His opinion, professional or otherwise, was the last thing she wanted. In fact she’d been so lost in her own thoughts, she
wasn’t even sure where his latest story had drifted. All
she wanted was for him to hurry up and finish her face, so she could get back to reading the new script pages for Friday’s
show. But Bert took her silence for interest and kept talking.

“As far as I’m concerned, and I know a little bit about this subject, to say the least, Frank Kamer is ‘the man,’ ” Bert announced.
“He is a star in the plastic surgery firmament. When that genius gets through with you, you can’t even see a tiny scar. He
did Goldie Hawn and Streisand, who both deny it, and Dolly Parton, who flaunts it, and all three of them are flawless.”

The last was punctuated with a few fast dabs of the sponge, after which Bert stepped back and sighed with satisfaction at
the good job he’d done on Jan. Then he put the sponge down, picked up a mug with the words
BERT WESTON GIVES GREAT FACE
on the side, took a long swig, and winced from the taste of the sludgy backstage coffee.

“Of course, Steve Hoeflin’s very big these days, too,” he said, his mouth still puckered from the bad taste. “But I always
think he makes the customers look like someone other than themselves. You know what I mean? He did Ivana, and if you look
at her old head shots and her new ones, she looks like two different women.”

Jan smiled to signify agreement and polite dismissal, and picked up the pages for Friday’s show, hoping Bert would stop talking.
But he didn’t.

“Now quite a few knowledgeable people swear by Norman Leaf, who I’ve known since he was in medical school. He’s a gem of a
guy, and he did Jane Fonda and Shirley MacLaine, and I have to tell you, I’ve seen both of their faces up close and personal,
and they ain’t bad, for a couple of old broads,” he said, laughing to excuse the dumb remark,
and moving around behind Jan’s makeup chair to take a longer look in the mirror at his handiwork.
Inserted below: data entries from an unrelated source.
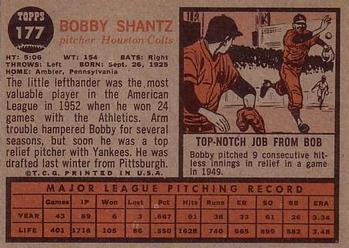 Bobby Shantz  baseball card collectible - Main Image 2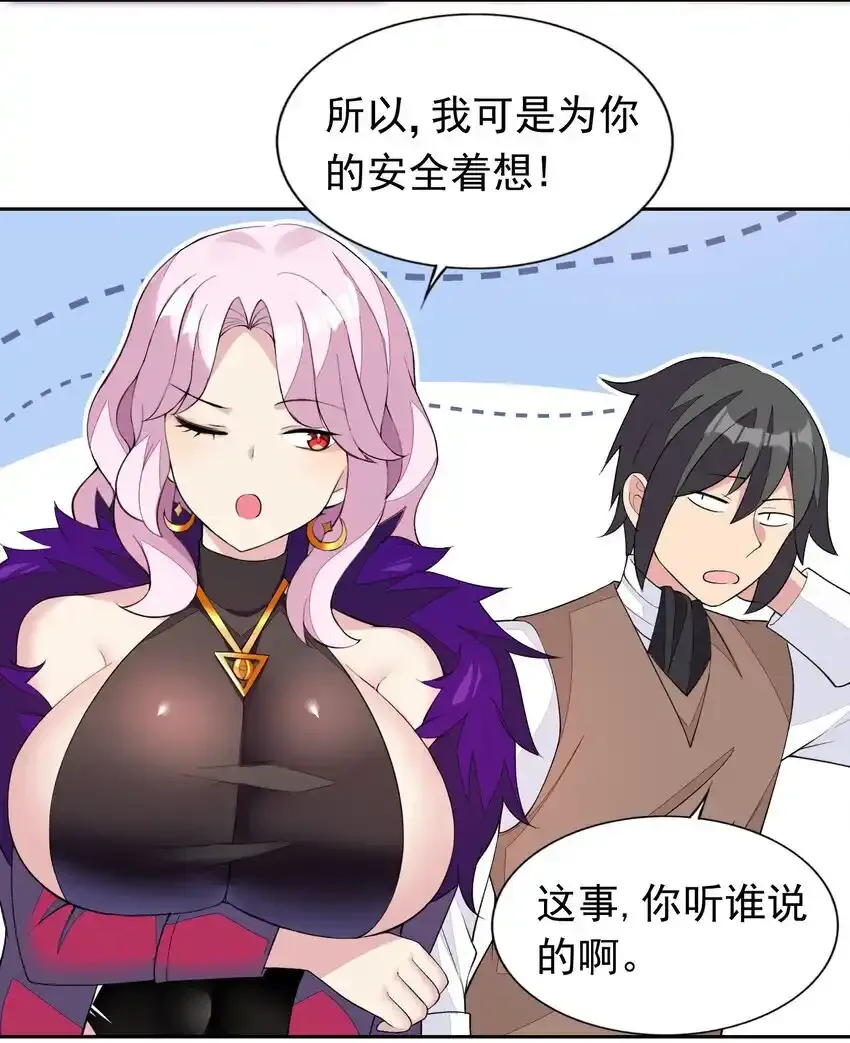 31 魅魔特工出击！ 第13页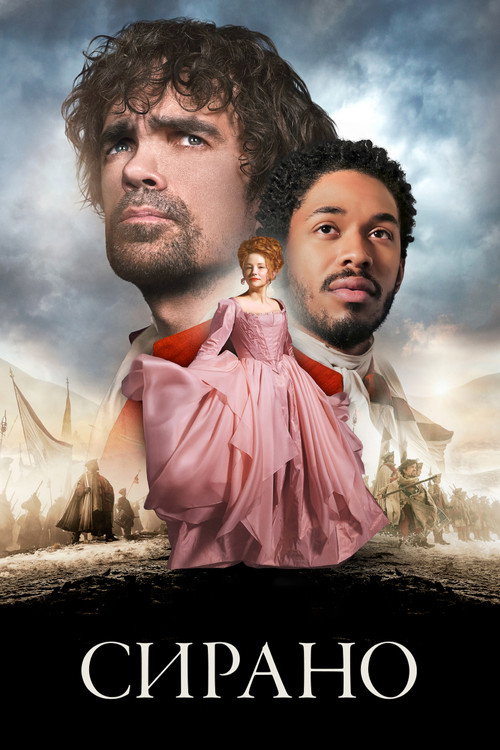 Сирано постер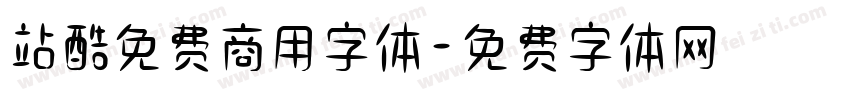 站酷免费商用字体字体转换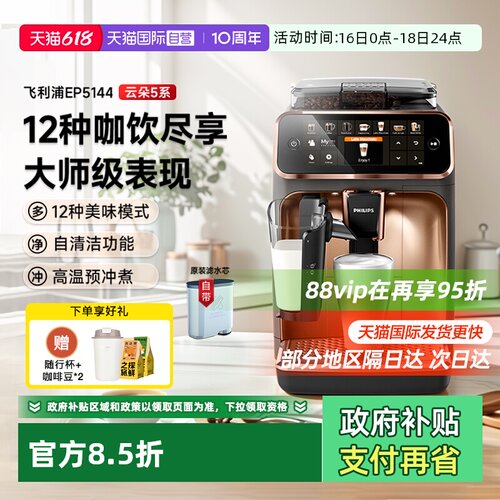 【自营】飞利浦意式咖啡机全自动一体机家用打奶泡EP5144原装进口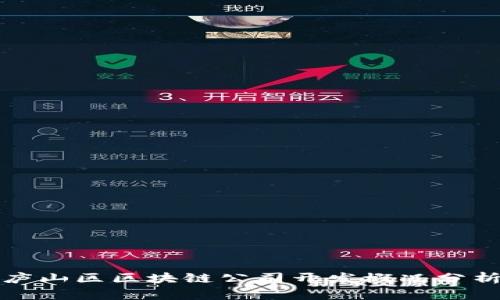 庐山区区块链公司开发概况分析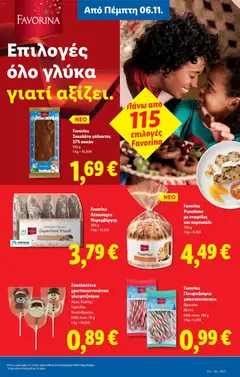 Preview of leaflet Φυλλάδιο - Food & Nonfood from shop Lidl valid from 06/11/2025 | Σελίδα: 47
Jan put the pages back on her lap and her stomach ached. Bert’s sledgehammer of a hint was his way of trying to tell her she’d
better go out and throw herself at the feet of some Beverly Hills plastic surgeon and invest twenty thousand dollars in a
face-lift.

Of course she’d considered it. What woman her age, what actress at least, hadn’t stood in front of a mirror when no one else
was around and gently pulled the skin on the side of her face up toward the top of her ears, just to see how it would be if
that little bit of extra flesh was gone? And those fatty little pads below the eyes. While she was under, he could take those,
too. But then she’d think it over and decide it wasn’t for her.

Too many friends had come out of those surgeries with their skin so tight against their bones they looked as if they were
standing in front of a jet plane about to take off. She even knew an on-camera news reporter who kept her recently removed
turkey wattle in a jar of formaldehyde on her mantel and told everyone it was the “Pullet Surprise.”

And then there were those scare-the-pants-off-you articles in magazines about how it was done! That they peeled the skin away
from the skull the way the Indians used to scalp people. After reading a few of those, she vowed to grow old gracefully. One
article said that after surgery they put staples directly into your skull! Office supplies to keep your face from falling
into your soup. Hah! The idea made a nervous giggle rise in her chest.